Chancellor Mark Wrighton’s biography on the Washington University website touts the University’s doubling of undergraduate applications in his 20-year tenure, the construction of 30 new buildings and the creation of almost 190 endowed professorships for faculty. A school and chancellor don’t accomplish such objectives without some brilliant marketing.

It’s a cornerstone of Wash. U.’s brilliance—academic programs, performing arts and standout Division III sports aside. It’s also a potentially formidable obstacle to achieving meaningful progress after the killing of Michael Brown in August and subsequent police shootings of four more black men in St. Louis (Kajieme Powell, Vonderrit Myers, Antonio Martin and Ladarius Williams: know their names and stories).

In some ways, University officials have demonstrated a laudable desire to seriously examine our own complicity in the institutional racism of St. Louis. When I say “our,” I mean all of us who study or work at Wash. U., not just the administrators who take most of the heat (though of course there are varying degrees of influence and use of that influence among the people who claim some connection to this school).

On Thursday and Friday, administrators facilitated “Race and Ethnicity: A Day of Discovery and Dialogue,” a series of panels about race and ethnicity across our undergraduate and graduate schools. The discussions included voices of faculty, students and administrators and brought forward problems and possible solutions to pervasive struggles that exist in our community—and any community in America that is not totally homogenous.

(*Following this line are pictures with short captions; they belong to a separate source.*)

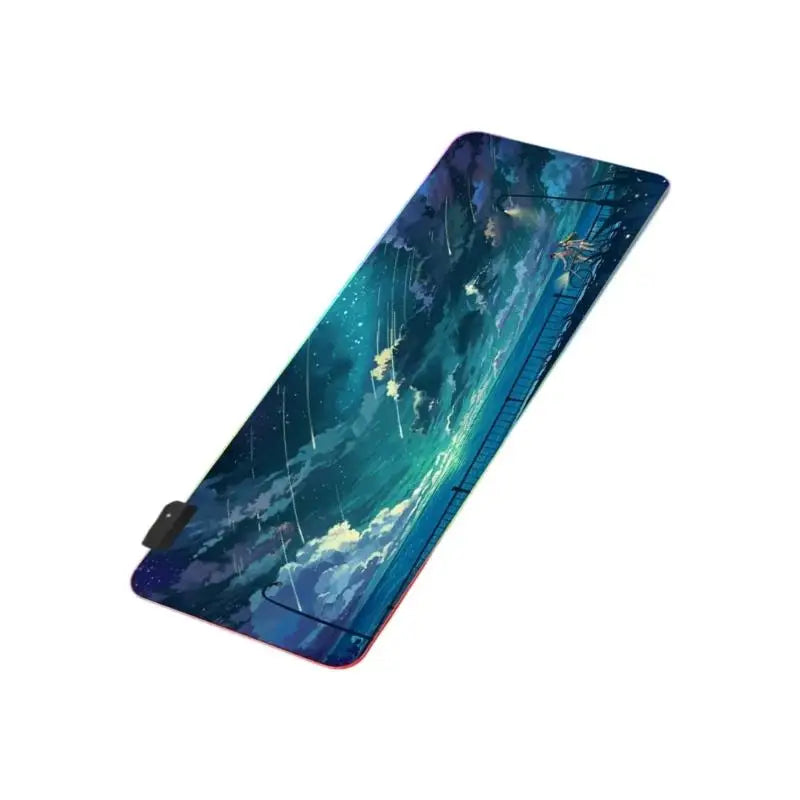 652F Mouse Pad Computer Laptop Anime Keyboard Mat Large Mousepad Zpaxo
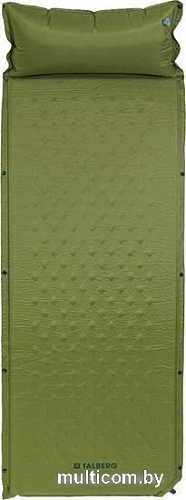 Самонадувающийся коврик Talberg Basic Reg Mat (оливковый)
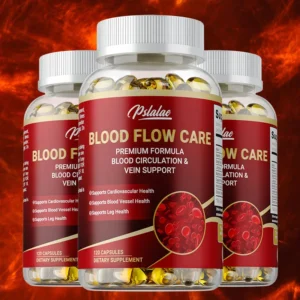 Blood Flow Care - Promotes Leg Vein, Heart, Blood Vessel and Cardiovascular Health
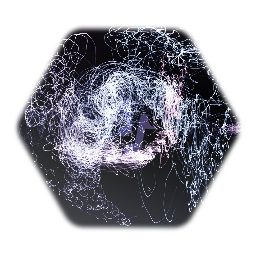 Nearly empty oil drum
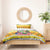 Crocodile Mezzy Christmas Bedding Set Funny Style - Wonder Print Shop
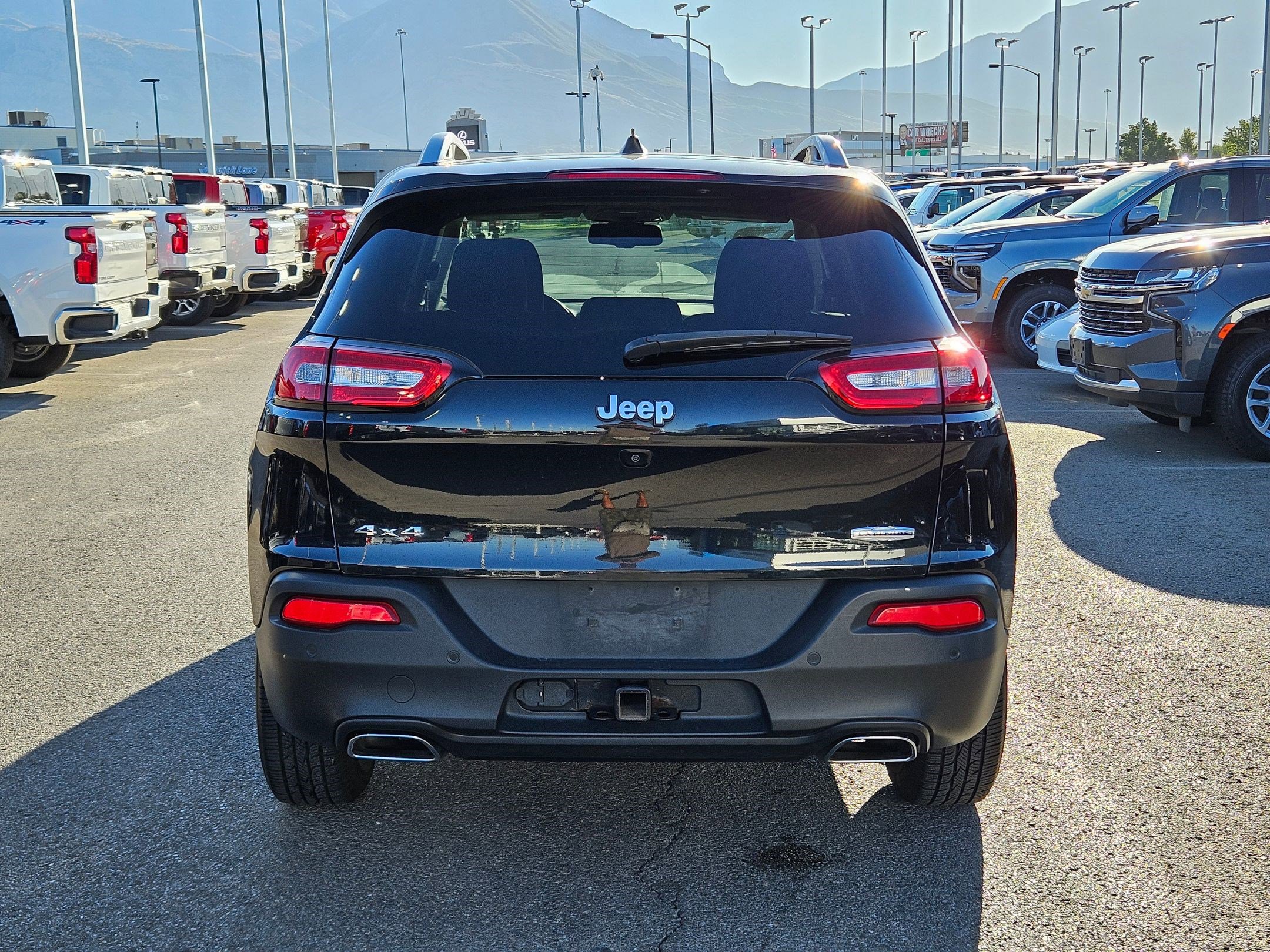 2016 Jeep Cherokee Latitude photo 3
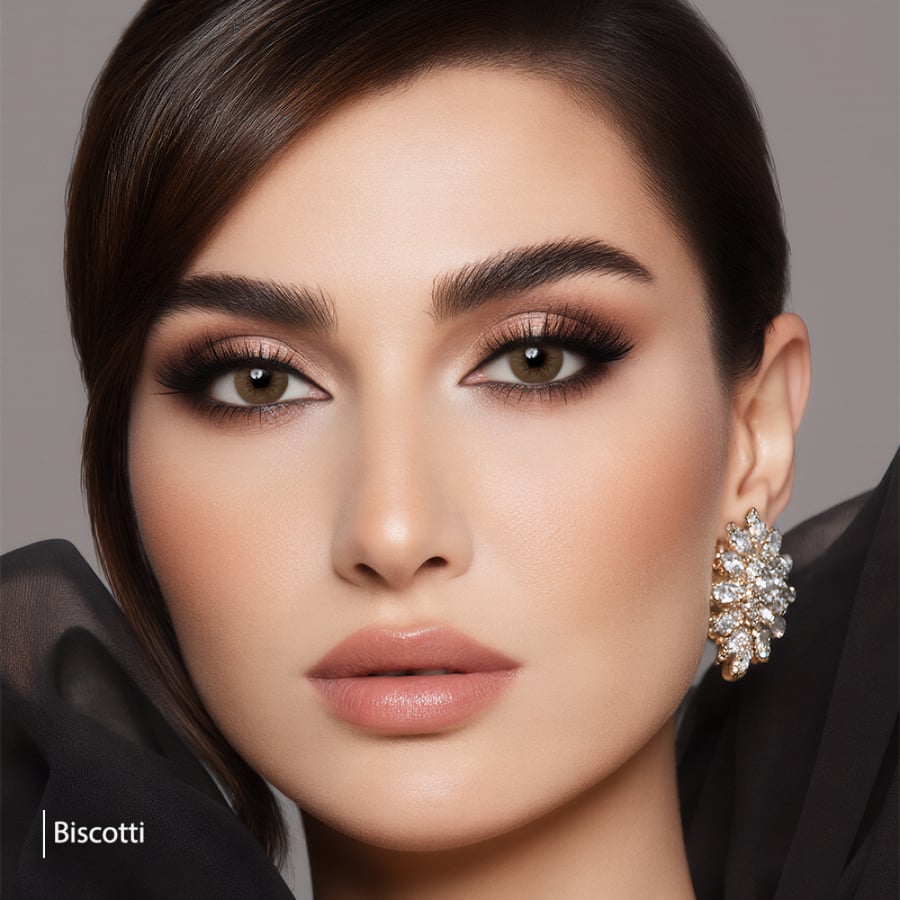 عدسات لاصقة ملونة اكس لنس بيسكوتي - X Lens Biscotti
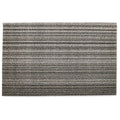 Chilewich Skinny Stripe Shag Mat Birch 18" x 28"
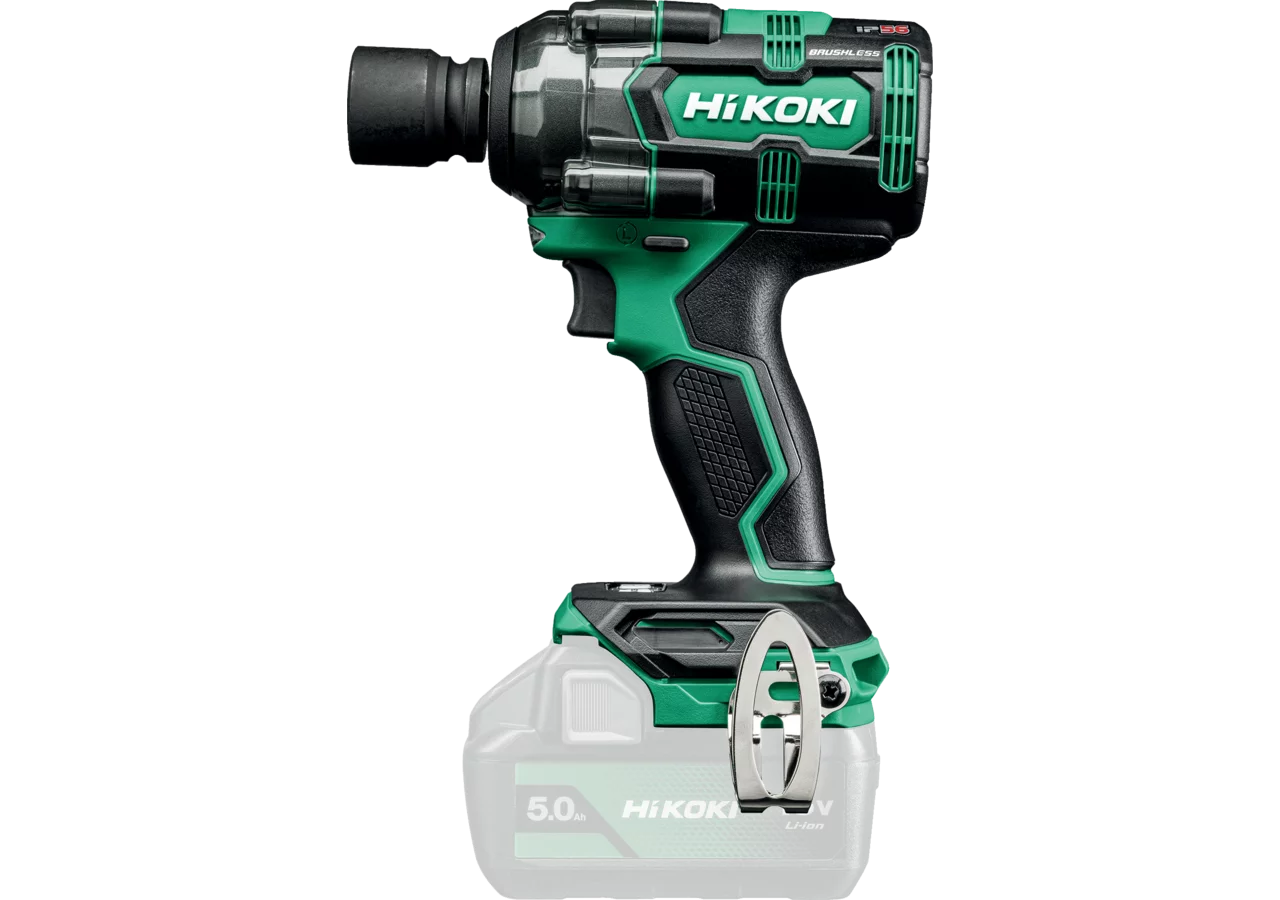 Akku Schlagschrauber WR18DH 1/2 Zoll, 18 Volt inklusive 2x 5,0 Ah Akkus Hikoki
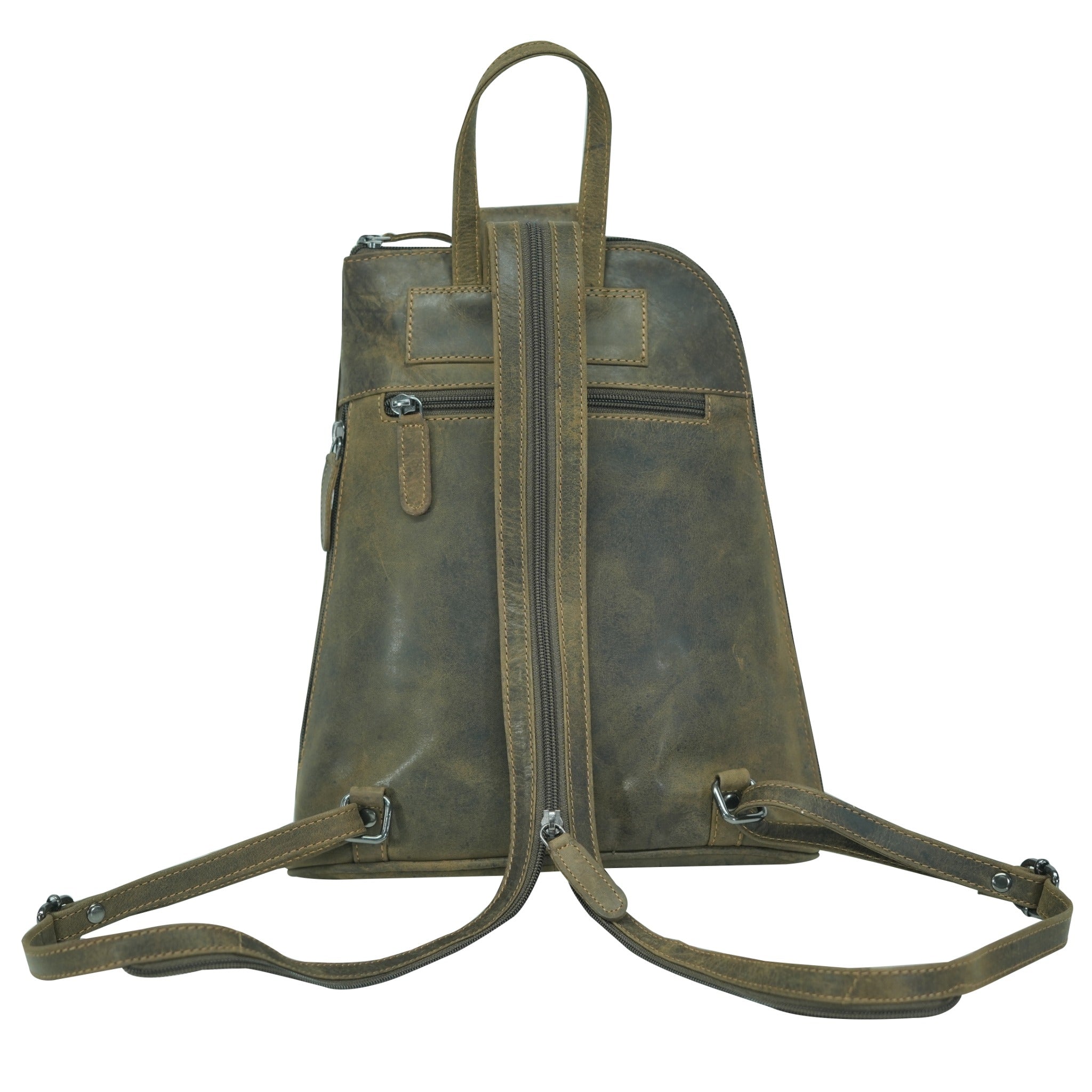 Convertible Leather Backpack – GW206602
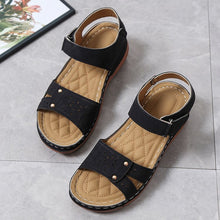 Load image into Gallery viewer, Summer flat casual comfortable sandals
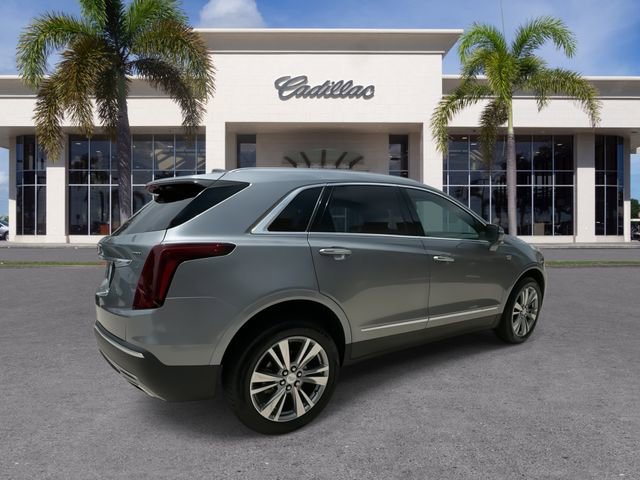 Certified 2023 Cadillac XT5 Premium Luxury w/ LPO, Floor Liner Package FWD image 14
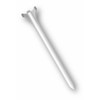 Zero Friction Tour 3-Prong Golf Tees (1-3/4 Inch, White, Pack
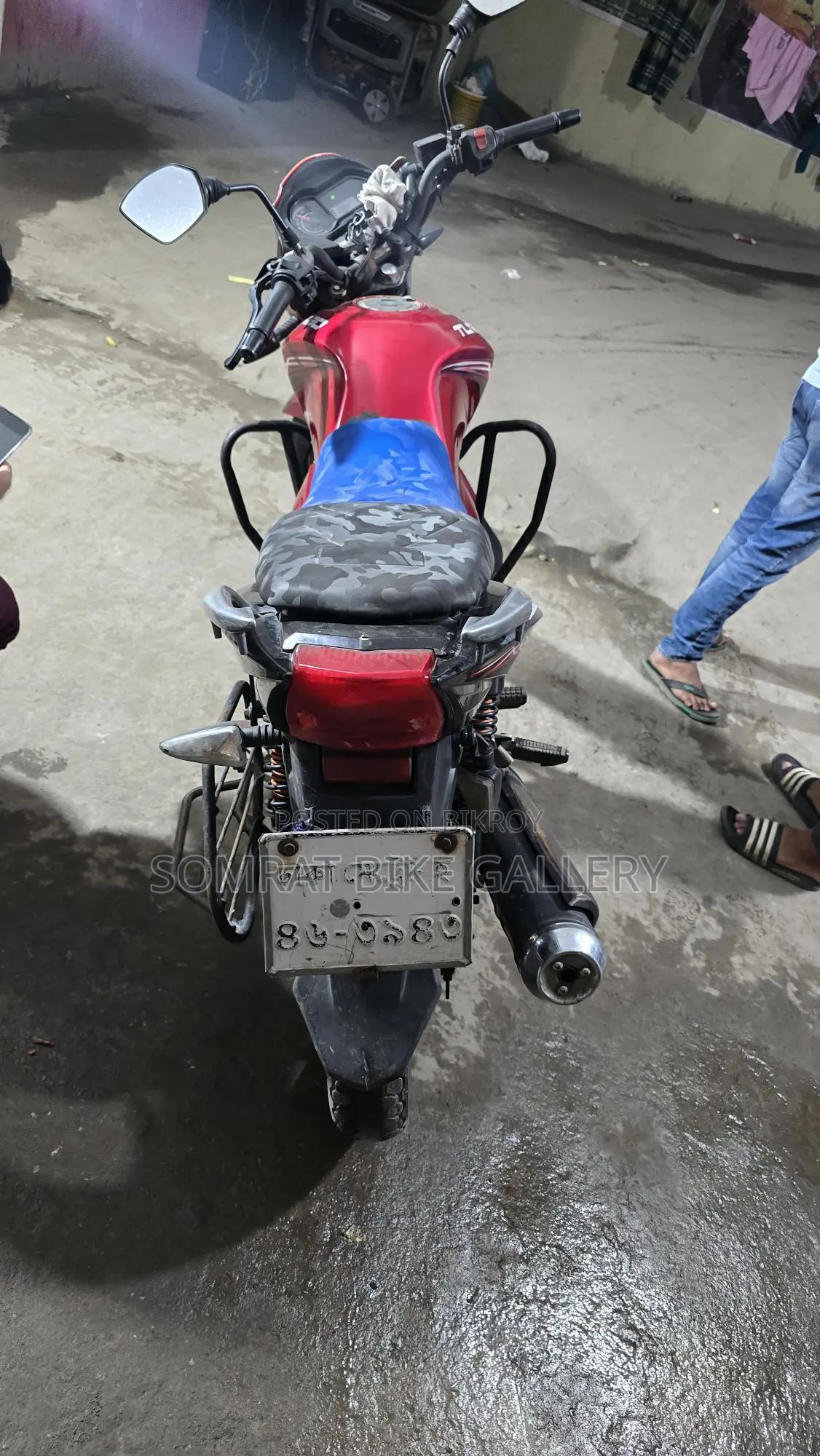 Runner Turbo 125 Super Fresh Condition 2019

Panel highlights were curated on the WashU Voices website, which the University launched in the aftermath of the first Ferguson protests. With the hashtag #WashUVoices, followers of the live-streamed panels could tweet updates, quotes and reactions, providing a permanent Internet footprint of the expectations set that day.

And therein lies the most vital point: when we look back on #WashUVoices months or years from now, will we be satisfied with what we learned and what University leaders did about it?

Or will it simply become another well-executed exercise in branding—showing to prospective students, questioning media outlets and skeptical St. Louis community members just how doggone socially conscious we are, how many marvelous professors and students we have (because most of the people who spoke were indubitably impressive), but without making substantive commitments to more challenging and controversial reforms?

I’m not ready to judge yet, but a moment during the Race and Ethnicity panel hinted at the tension between possible outcomes.

Late in the Friday session, members of Washington University Students in Solidarity read the list of demands that they presented to the chancellor, Provost Holden Thorp and Associate Vice Chancellor for Students Rob Wild two weeks ago. The audience politely acknowledged the student activists, Thorp complimented them on “one of the best set of demands of this type that I’ve been asked to respond to” and then the panel carried forward.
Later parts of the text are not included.